▶ **TASK TO CARRY OUT**:
Line by line, reproduce the material below exactly.

▶ **INPUT MATERIAL**:
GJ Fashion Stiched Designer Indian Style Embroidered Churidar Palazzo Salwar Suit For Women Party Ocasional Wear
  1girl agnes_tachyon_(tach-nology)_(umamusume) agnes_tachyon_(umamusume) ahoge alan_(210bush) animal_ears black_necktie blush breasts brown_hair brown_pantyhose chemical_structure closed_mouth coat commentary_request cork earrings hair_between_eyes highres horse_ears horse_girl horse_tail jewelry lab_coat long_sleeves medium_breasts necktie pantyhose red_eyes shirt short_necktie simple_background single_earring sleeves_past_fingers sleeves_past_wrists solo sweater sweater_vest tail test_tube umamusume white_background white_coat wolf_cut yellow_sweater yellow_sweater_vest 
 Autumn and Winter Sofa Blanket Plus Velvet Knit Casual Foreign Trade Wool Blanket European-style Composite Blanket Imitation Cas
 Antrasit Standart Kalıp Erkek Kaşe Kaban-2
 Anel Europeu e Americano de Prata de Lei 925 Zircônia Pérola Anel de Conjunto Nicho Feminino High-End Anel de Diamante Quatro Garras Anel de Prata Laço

▶ **EXERCISE ANSWER**:
GJ Fashion Stiched Designer Indian Style Embroidered Churidar Palazzo Salwar Suit For Women Party Ocasional Wear
  1girl agnes_tachyon_(tach-nology)_(umamusume) agnes_tachyon_(umamusume) ahoge alan_(210bush) animal_ears black_necktie blush breasts brown_hair brown_pantyhose chemical_structure closed_mouth coat commentary_request cork earrings hair_between_eyes highres horse_ears horse_girl horse_tail jewelry lab_coat long_sleeves medium_breasts necktie pantyhose red_eyes shirt short_necktie simple_background single_earring sleeves_past_fingers sleeves_past_wrists solo sweater sweater_vest tail test_tube umamusume white_background white_coat wolf_cut yellow_sweater yellow_sweater_vest 
 Autumn and Winter Sofa Blanket Plus Velvet Knit Casual Foreign Trade Wool Blanket European-style Composite Blanket Imitation Cas
 Antrasit Standart Kalıp Erkek Kaşe Kaban-2
 Anel Europeu e Americano de Prata de Lei 925 Zircônia Pérola Anel de Conjunto Nicho Feminino High-End Anel de Diamante Quatro Garras Anel de Prata Laço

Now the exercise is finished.